Diante da proposta apresentada pela Caixa Econômica Federal e considerando o ambiente político eleitoral do momento, o Governo de Goiás decidiu recusar o empréstimo de R$ 510 milhões negociado com a instituição financeira. O anúncio foi feito pelo governador José Eliton nesta segunda-feira (9/7). “O Estado não procura recurso a qualquer custo”, disse.

De acordo com a gestão estadual, a proposta enviada pela Caixa na última quinta-feira (5) exige 400% do montante contratado em depósito e aplicações na instituição e 200% do Fundo de Participação dos Estados como garantia. Ainda segundo a proposta, os juros aplicados seriam de 0,91% ao mês.

“Nossa equipe técnica analisou tudo. Eu fiz um agradecimento à Caixa pela deferência, mas decidi por não aceitar essa operação. Nos moldes que ela foi proposta, iria impactar muito as contas públicas do Estado. Esse impacto não seria para hoje, mas para o amanhã”, justificou o governador.

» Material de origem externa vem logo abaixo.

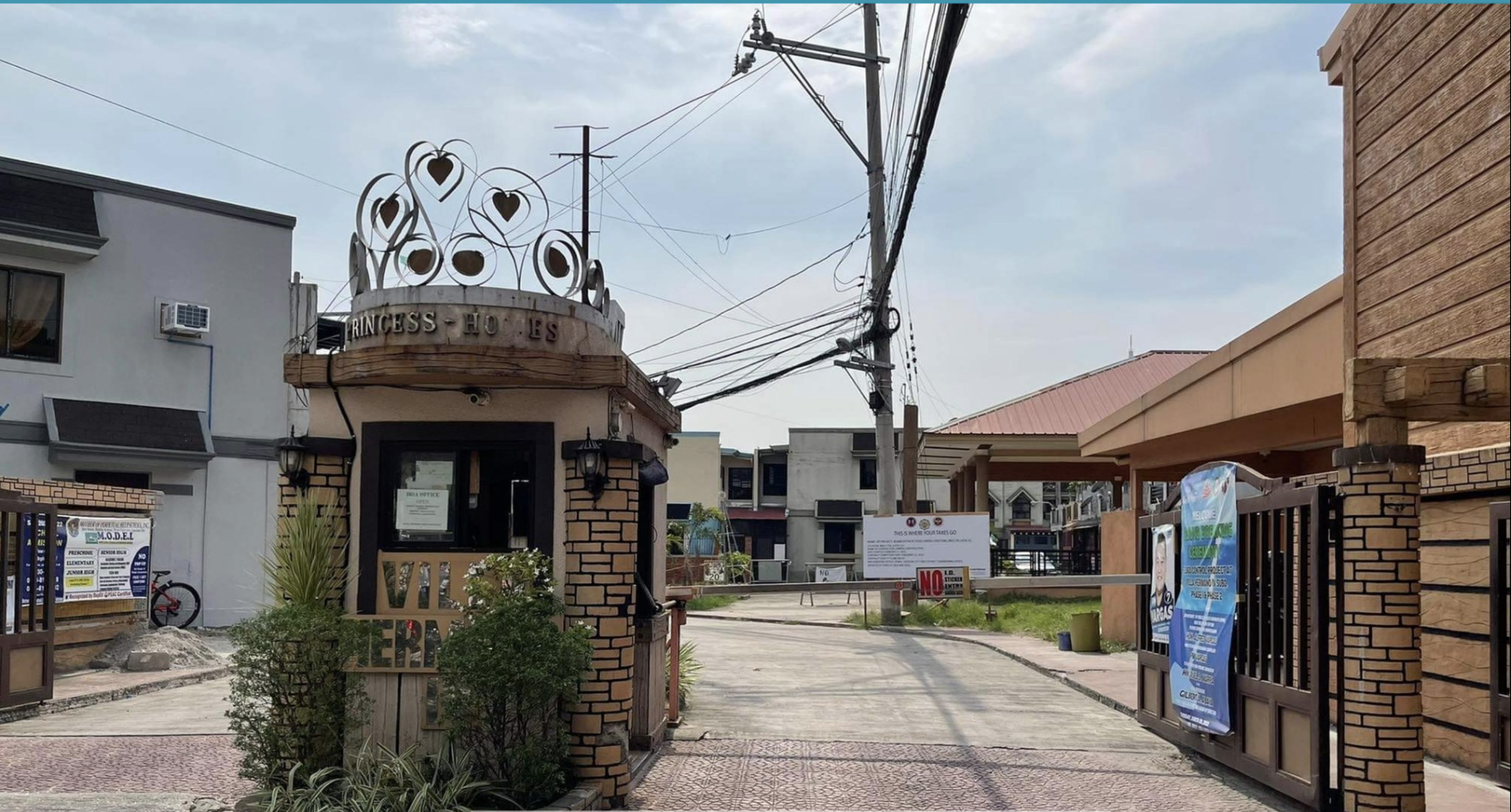 House & Lot in LOT 31 BLK 3 DIAMOND AVE, VILLA HERMANO IV PHASE 2 BRGY, STA LUCIA SAN BARTOLOME, QUEZON CITY - Foreclosed Property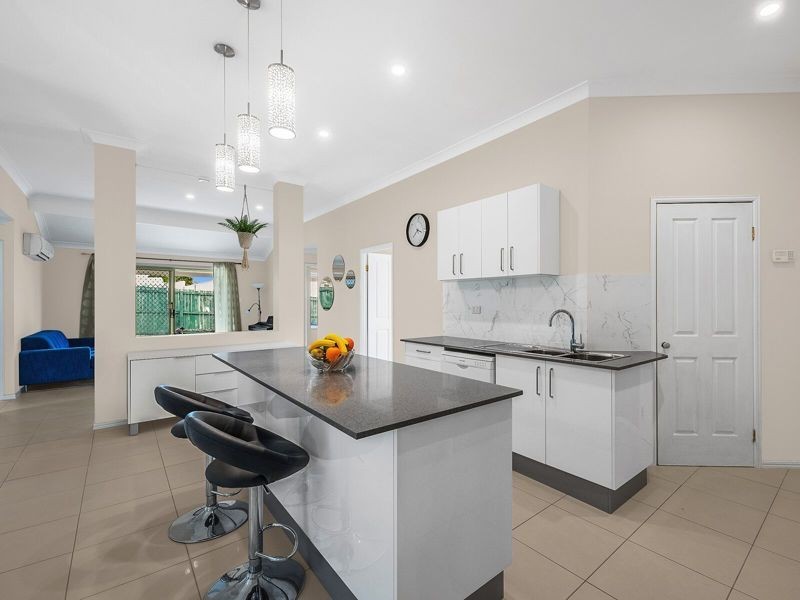 6 Federation Drive, Hillcrest QLD 4118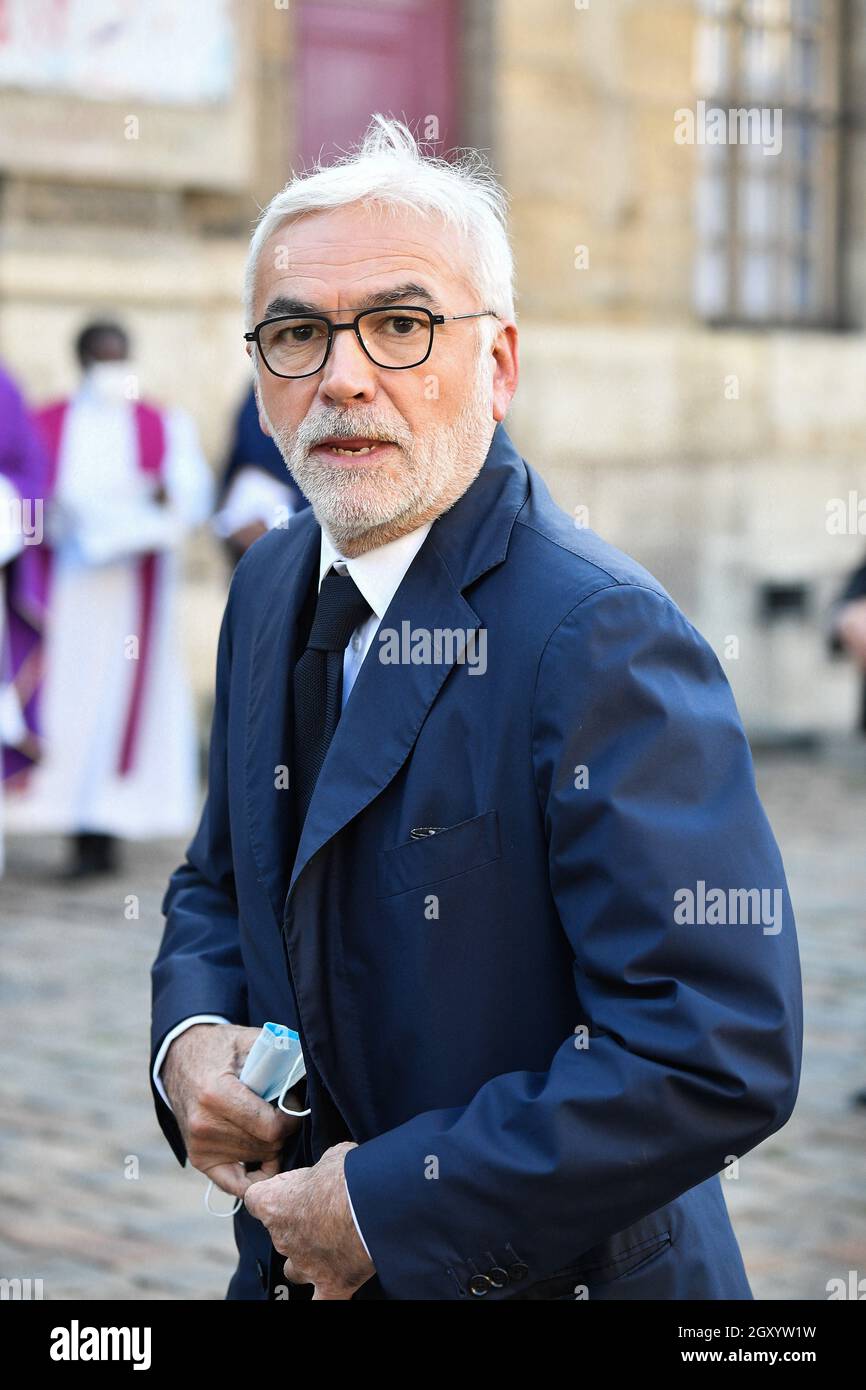 Paris, France. 06th Oct, 2021. Paris, France on October 6, 2021. Pascal  Praud during a tribute mass for French tycoon Bernard Tapie at Saint  Germain des Pres church in Paris, France on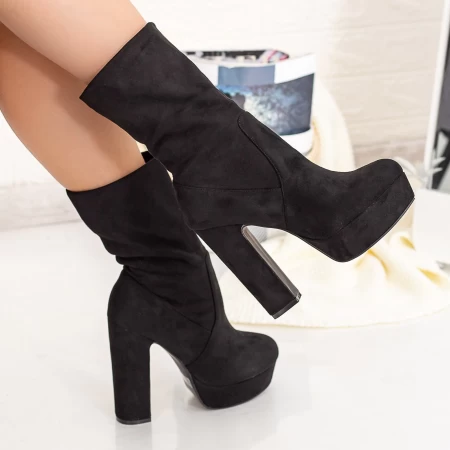 Kurze Stiefel mit einer dicken Absatz AF153 Black | Mei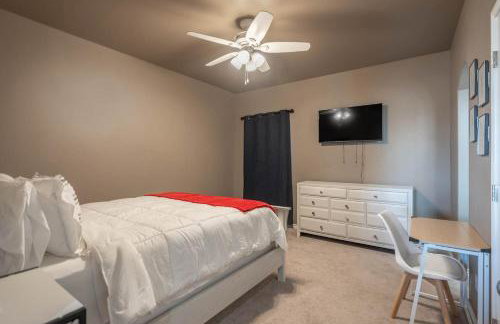 Sunset Retreat, Clean Modern 3BR, Garage, Near 191 - Foto 31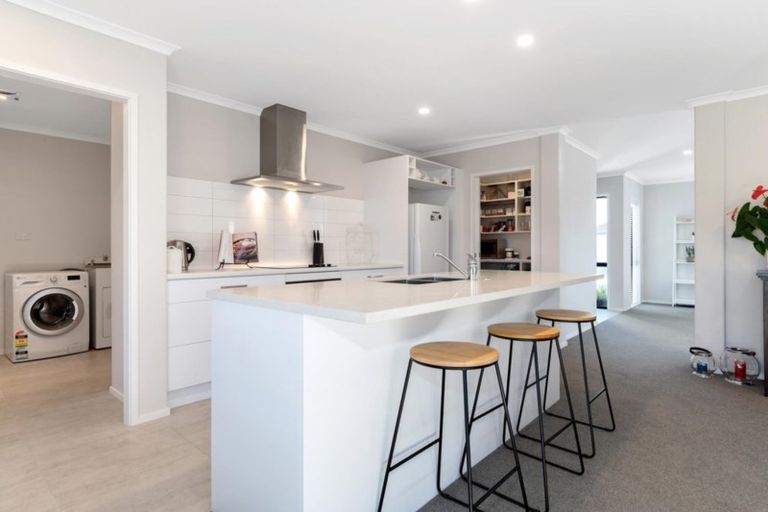 Photo of property in 14 Kuru Place, Papamoa, 3118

Ainda segundo José Eliton, o ambiente político eleitoral teve papel importante na decisão. “Isso é natural não apenas com essa operação, mas em várias outras e em todo o Brasil, já que temos um calendário eleitoral que prevê uma eleição em outubro próximo. Todas essas questões de risco impactam não só operações de crédito, mas todo mercado financeiro”, observou.

“No caso de Goiás, ainda tivemos componentes de líderes da oposição que se manifestaram contrários à operação. Na minha avaliação, com argumentos equivocados, do ponto de vista técnico. Enquanto eles estão olhando para a eleição, eu olho para a saúde financeira do Estado”, acrescentou o governador ao enfatizar que optou por recusar o empréstimo.
José Eliton destacou que, mesmo sem o recurso, as obras e ações do governo estadual vão seguir normalmente. “Temos um fluxo de caixa que nos permite dar continuidade ao conjunto de obras em execução no Estado. Vamos continuar isso. Lá na frente, se for o caso, se já tiver descontaminado esse ambiente político-eleitoral, podemos discutir novamente essas operações. No futuro, com as taxas adequadas, podemos voltar a falar sobre isso”, finalizou o governador.

Presente na entrevista, o secretário da Fazenda, Manoel Xavier Filho, disse que a proposta apresentada pela Caixa “é uma prova cabal de que o Estado cumpre com suas obrigações. Se assim não fosse, ela nem nos teria apresentado uma proposta de financiamento”.